Hm, haven't seen this before but AWS libraries often give us new fun edge cases.

If you feel like hacking things, I suspect that changing line 1100 of

/Users/aterrel/miniconda3/envs/storyfit_models_pipeline/lib/python3.10/site-packages/coiled/cli/setup/aws.py

to

    quota_client = session.client("service-quotas", region_name=region)

would fix this (and I have PR to make this change).

aterrel commented 11 months ago

Thanks for the quick response. Sam got the install to work with the command line flag, I'm happy to test your PR but not sure the steps to do so.

ntabris commented 11 months ago

Glad you got something working!

If you don't mind testing the change I made, you could pip install coiled==0.8.9.dev6 and run coiled setup aws --quotas and see if you get an error.

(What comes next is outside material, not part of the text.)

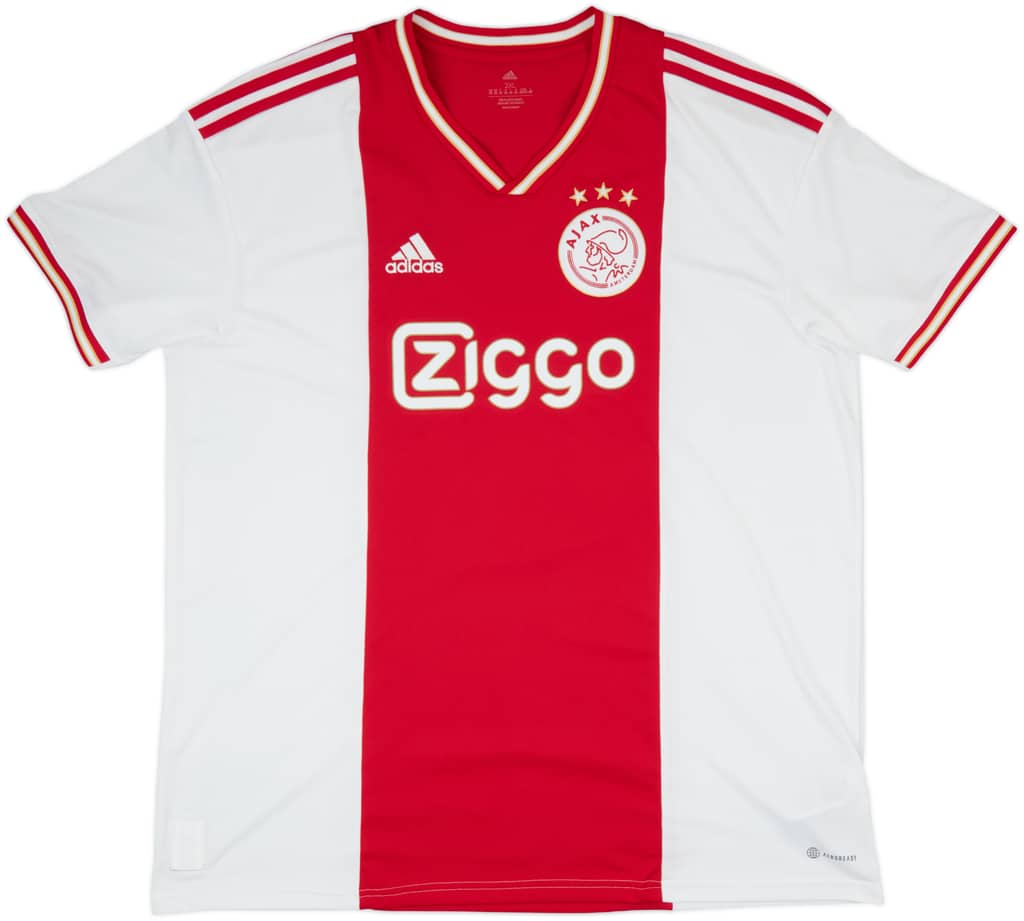 2022-23 Ajax Home Shirt - 7/10 - (XXL)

aterrel commented 11 months ago

Seems to work for me.

$ coiled setup aws --quotas
╭──────────────────────────────────────────────────────────────────────────────────────────────────────────────────────────────────────────────────╮
│ Coiled runs in your AWS account, so your cluster sizes will be constrained by your AWS quotas:                                                   │
│                                                                                                                                                  │
│ Standard On-Demand                    4512 vCPU                                                                                                  │
│ Standard Spot                         1152 vCPU                                                                                                  │
│ G4dn (NVIDIA T4 GPU) On-Demand         920 vCPU                                                                                                  │
│ G4dn (NVIDIA T4 GPU) Spot               64 vCPU                                                                                                  │
│ P (NVIDIA V100/A100 GPU) On-Demand     692 vCPU                                                                                                  │
│ P (NVIDIA V100/A100 GPU) Spot           64 vCPU                                                                                                  │
│                                                                                                                                                  │
│ Standard includes general purpose M and T families (e.g., M6i, T3), compute optimized C families (e.g., C6i), and memory optimized R families    │
│ (e.g., R6i).                                                                                                                                     │
│                                                                                                                                                  │
│ GPU instances require a separate quota. G4dn is our default GPU instance type on AWS, these have an NVIDIA T4 GPU.                               │
│                                                                                                                                                  │
│ The default Coiled instance type (t3.xlarge) has 4 vCPUs, so a 10 worker cluster (plus scheduler) would have 44 vCPUs.                           │
╰──────────────────────────────────────────────────────────────────────────────────────────────────────────────────────────────────────────────────╯
Your current quota for Standard On-Demand (us-east-1) is 4512. If you'd like to request an increase from AWS, enter the new number (or hit return to
skip): (4512): 
Your current quota for Standard Spot (us-east-1) is 1152. If you'd like to request an increase from AWS, enter the new number (or hit return to 
skip): (1152): 
Your current quota for G4dn (NVIDIA T4 GPU) On-Demand (us-east-1) is 920. If you'd like to request an increase from AWS, enter the new number (or 
hit return to skip): (920): 
Your current quota for G4dn (NVIDIA T4 GPU) Spot (us-east-1) is 64. If you'd like to request an increase from AWS, enter the new number (or hit 
return to skip): (64): 
Your current quota for P (NVIDIA V100/A100 GPU) On-Demand (us-east-1) is 692. If you'd like to request an increase from AWS, enter the new number 
(or hit return to skip): (692): 
Your current quota for P (NVIDIA V100/A100 GPU) Spot (us-east-1) is 64. If you'd like to request an increase from AWS, enter the new number (or hit 
ntabris commented 11 months ago

@aterrel thanks for confirming that the fix worked for you!